System is not representative

A few days ago, a lot of space was given to complain about the Democratic party’s use of super delegates and their not backing the “will of the people,” aka “the Bernie supporters.” Well, personally I don’t think the caucus system represents the “will of the people” as much as it represents those who want to spend five or six hours on a Saturday arguing politics, rather than do something else, like yard work, taking your dogs for a walk, taking in your kid’s ballgame.

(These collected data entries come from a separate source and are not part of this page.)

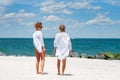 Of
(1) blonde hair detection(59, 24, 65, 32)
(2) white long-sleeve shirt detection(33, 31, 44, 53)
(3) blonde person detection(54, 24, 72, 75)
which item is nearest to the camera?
(1) blonde hair detection(59, 24, 65, 32)

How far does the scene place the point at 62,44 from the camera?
609 inches

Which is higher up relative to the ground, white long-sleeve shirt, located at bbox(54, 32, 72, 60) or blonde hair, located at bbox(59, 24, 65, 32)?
blonde hair, located at bbox(59, 24, 65, 32)

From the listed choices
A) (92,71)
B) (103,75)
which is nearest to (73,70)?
(92,71)

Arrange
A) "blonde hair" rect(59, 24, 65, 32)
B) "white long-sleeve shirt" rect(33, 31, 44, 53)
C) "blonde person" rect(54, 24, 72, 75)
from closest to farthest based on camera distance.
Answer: "blonde hair" rect(59, 24, 65, 32)
"blonde person" rect(54, 24, 72, 75)
"white long-sleeve shirt" rect(33, 31, 44, 53)

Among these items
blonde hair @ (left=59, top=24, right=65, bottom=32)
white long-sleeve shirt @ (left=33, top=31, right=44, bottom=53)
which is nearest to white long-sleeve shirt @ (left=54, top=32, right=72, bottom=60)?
blonde hair @ (left=59, top=24, right=65, bottom=32)

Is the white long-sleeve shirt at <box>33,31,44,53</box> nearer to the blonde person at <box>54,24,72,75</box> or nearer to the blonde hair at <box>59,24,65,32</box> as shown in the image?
the blonde person at <box>54,24,72,75</box>

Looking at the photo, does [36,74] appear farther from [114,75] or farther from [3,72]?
[114,75]

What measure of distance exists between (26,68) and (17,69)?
0.68 metres

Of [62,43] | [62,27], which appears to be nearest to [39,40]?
[62,43]

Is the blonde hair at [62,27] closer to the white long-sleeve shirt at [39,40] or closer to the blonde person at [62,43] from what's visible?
the blonde person at [62,43]

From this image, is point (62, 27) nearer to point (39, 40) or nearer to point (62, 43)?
point (62, 43)

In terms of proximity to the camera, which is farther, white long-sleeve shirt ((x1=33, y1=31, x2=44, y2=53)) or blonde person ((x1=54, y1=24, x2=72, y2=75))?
white long-sleeve shirt ((x1=33, y1=31, x2=44, y2=53))

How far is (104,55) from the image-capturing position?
30391 millimetres

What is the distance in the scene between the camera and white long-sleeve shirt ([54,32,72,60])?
608 inches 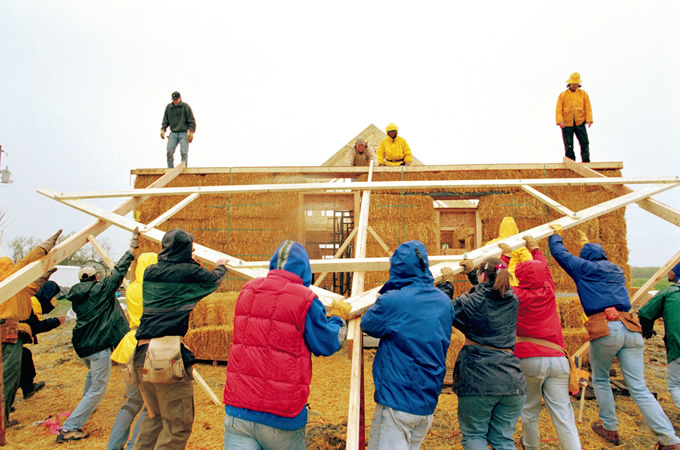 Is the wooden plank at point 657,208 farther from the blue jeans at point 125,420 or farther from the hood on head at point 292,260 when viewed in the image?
the blue jeans at point 125,420

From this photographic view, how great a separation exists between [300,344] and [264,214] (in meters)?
4.69

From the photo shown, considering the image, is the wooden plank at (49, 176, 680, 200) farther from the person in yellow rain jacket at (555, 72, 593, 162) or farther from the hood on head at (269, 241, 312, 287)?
the person in yellow rain jacket at (555, 72, 593, 162)

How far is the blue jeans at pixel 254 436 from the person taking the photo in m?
1.98

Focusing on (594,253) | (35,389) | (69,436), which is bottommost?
(35,389)

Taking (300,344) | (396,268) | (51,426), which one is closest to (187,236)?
(300,344)

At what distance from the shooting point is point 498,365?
2611mm

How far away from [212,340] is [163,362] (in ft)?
11.7

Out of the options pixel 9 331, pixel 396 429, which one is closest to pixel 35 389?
pixel 9 331

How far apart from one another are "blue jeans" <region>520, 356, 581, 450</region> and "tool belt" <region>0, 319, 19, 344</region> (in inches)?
201

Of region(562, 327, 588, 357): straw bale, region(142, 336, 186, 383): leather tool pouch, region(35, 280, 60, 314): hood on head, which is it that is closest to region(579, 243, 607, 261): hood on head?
region(562, 327, 588, 357): straw bale

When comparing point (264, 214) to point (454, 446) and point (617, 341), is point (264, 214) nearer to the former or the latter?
point (454, 446)

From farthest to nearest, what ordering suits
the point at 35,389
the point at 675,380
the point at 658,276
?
the point at 35,389
the point at 658,276
the point at 675,380

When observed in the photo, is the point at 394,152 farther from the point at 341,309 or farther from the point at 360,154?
the point at 341,309

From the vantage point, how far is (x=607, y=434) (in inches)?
148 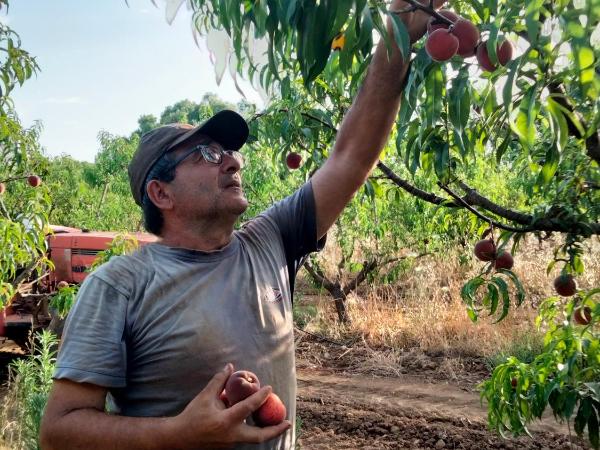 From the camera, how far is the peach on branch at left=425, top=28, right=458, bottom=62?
1.10 meters

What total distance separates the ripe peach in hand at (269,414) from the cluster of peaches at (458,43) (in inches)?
29.7

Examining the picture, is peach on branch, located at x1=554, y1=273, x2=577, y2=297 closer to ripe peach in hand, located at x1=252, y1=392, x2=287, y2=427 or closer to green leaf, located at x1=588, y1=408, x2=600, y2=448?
green leaf, located at x1=588, y1=408, x2=600, y2=448

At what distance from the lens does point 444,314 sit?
22.0 ft

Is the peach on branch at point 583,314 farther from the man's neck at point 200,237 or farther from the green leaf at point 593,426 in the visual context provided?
the man's neck at point 200,237

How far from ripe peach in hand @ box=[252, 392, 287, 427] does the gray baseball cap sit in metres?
0.75

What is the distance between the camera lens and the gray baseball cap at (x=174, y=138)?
1.64 metres

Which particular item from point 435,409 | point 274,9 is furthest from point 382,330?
point 274,9

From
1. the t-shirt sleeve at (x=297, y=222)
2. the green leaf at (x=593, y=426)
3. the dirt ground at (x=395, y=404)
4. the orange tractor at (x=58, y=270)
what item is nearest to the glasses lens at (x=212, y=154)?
the t-shirt sleeve at (x=297, y=222)

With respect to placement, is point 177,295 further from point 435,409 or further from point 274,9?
point 435,409

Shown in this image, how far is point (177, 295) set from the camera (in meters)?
1.38

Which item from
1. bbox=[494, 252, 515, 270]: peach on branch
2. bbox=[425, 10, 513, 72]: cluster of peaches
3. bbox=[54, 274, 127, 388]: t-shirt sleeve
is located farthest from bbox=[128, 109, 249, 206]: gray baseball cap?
bbox=[494, 252, 515, 270]: peach on branch

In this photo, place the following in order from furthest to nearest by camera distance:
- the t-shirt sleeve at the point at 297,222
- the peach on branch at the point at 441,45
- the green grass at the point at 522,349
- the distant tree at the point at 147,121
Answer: the distant tree at the point at 147,121, the green grass at the point at 522,349, the t-shirt sleeve at the point at 297,222, the peach on branch at the point at 441,45

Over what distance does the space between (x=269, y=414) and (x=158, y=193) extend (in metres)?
0.72

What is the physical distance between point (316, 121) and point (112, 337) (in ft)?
5.62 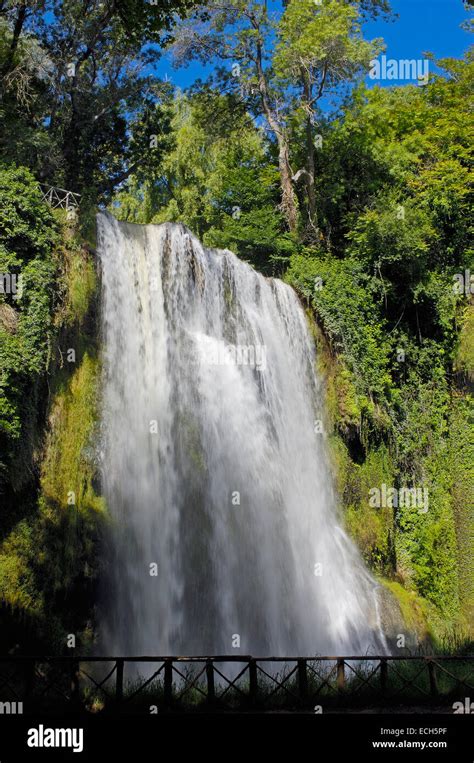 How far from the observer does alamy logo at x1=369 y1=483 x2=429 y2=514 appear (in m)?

Sorry, I just don’t have the time to go sit somewhere on a Saturday and argue the merits of A over B for hours on end. For those who do, please don’t think you “represent the will of the people,” because you don’t. You actually represent the will of the people with nothing better to do on a Saturday, which is a bit sad in its own way. I would support your argument about the super delegates if the DNC had a primary with ballots sent to all registered Democrats. People could make their vote and be done with it rather than spend time with a bunch of strangers in a hall, yammering back and forth.

Just have a primary, vote, count em and you have a result. I would just like a ballot that I can fill out how I please and not have to spend the day arguing over “why?” with somebody I really don’t want to know or be trapped in a room with for six hours.

I can’t back a process that a couple hundred thousand people spend a Saturday on, when close to 2 million voted Democrat last presidential election. Roughly 3 percent of those Democratic voters on caucus Saturday participated. Put it on a primary ballot, send it out, get them back, count them and leave no doubt. I am sorry, the caucus process isn’t representative of anybody and does both candidates a disservice.